Two provisos with this:

  1. If you turn the scanned file into a PDF, upload the PDF to your laptop or wherever to read, and delete the scanned file from Camscanner, this also deletes the photographs on which your PDF was built. The PDF will still be readable, but obviously, you won’t be able to view your photos if you need to zoom in closely. If there is any possibility that you need to do that zooming in, or that you’ll need the corresponding photograph, make sure you upload the photograph(s) as well to your laptop.
  2. This process is data hungry. I can easily fill my phone on a visit to the record office, which makes it slow and clunky till I can get the material off my phone. the PDFs aren’t too big, but if you are routinely saving the photographs as well as the PDFs, then you will need to think about storage of all these big files. Personally, I wouldn’t bother keeping photographs for articles or books that have been scanned, particularly if those books/articles are readily available in your university library.
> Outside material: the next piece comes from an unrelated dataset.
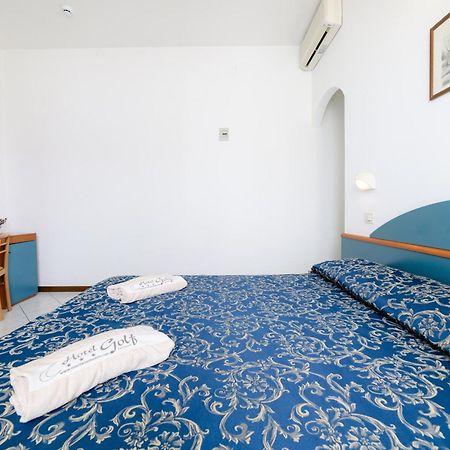 Hotel Golf Каттоліка Екстер'єр фото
Camscanner will allow you to either carefully scan a page, with various steps, where you can view the result at every step, or it will allow you to automate the process, and scan multiple pages very quickly (without viewing the results till the very end). This is of particular advantage when scanning a book or article quickly. With this facility I can go into my uni library with a list of book chapters/articles, and walk out an hour later, having scanned what I need and then go home and work in comfort.  🙂 I do, however, recommend that you check the resulting PDF before you walk out. The automated process means that some pages can be only half scanned (especially if its got a picture taking up half the page – the automated part of it sees the bottom line of the picture frame as the bottom of the page, for example) or pages can be scanned a bit blurred or something that makes the text unreadable. A quick moment to look through the PDF to make sure that all the relevant bits are there and readable can save a lot of frustration later – and I would suggest the same process for archive work as well. If a page isn’t legible, then just rescan it.
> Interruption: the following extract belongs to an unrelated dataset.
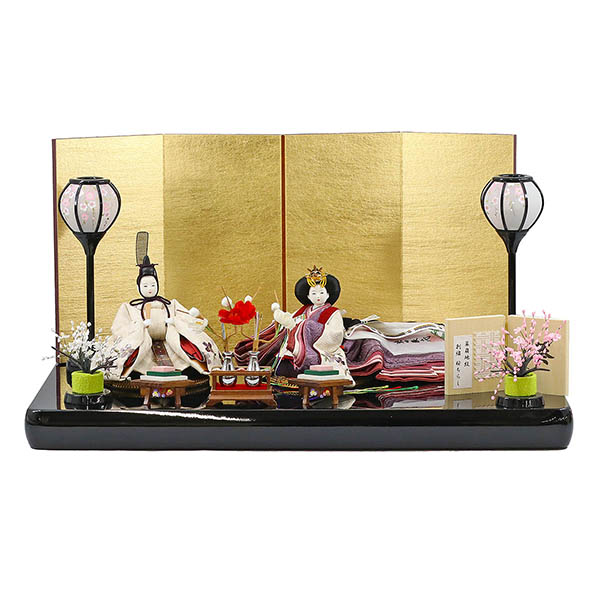 柴田家千代作 葵 算崩地紋 刺繍桜ちらし 白紫 柳親王 裾長衣装着 金屏風 黒塗り飾り台 平飾り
Smartphones can work for you in other ways as well. The internet functions can be used to check odd bits of data that you need – that date, that you can’t quite remember – or it can carry your notes. Many people swear by apps that keep notes together across devices, like Microsoft’s OneNote, or EverNote, for example (this post compares them) but there are plenty of other apps that do similar things, of different complexity (this post reviews some of them). These can be really useful for toting around large amounts of info on the go – very very useful, if, like me, you have a tablet that you can view this on while using your smartphone to scan documents. But… these apps are dependent on the internet, and if your net connection goes down, or you go somewhere that doesn’t supply wireless (my tablet is wireless only, for example), then you’re in trouble. For this reason I always take my basic, must-have info in with me on hardcopy, and take a pencil and paper with me as well, and note the sources that I have worked on, as well as the pages that I have scanned. That way, if the worst should happen and my phone goes FUBAR between the record office and home, I only have to replicate the scan, and not the search (which any research will tell you, often takes longer than the scan). In addition, those paper notes are a useful back up for referencing – they saved my bacon a few times!

Does anyone else have any other uses for making researcher’s lives easier in archives, with smartphones/tablets?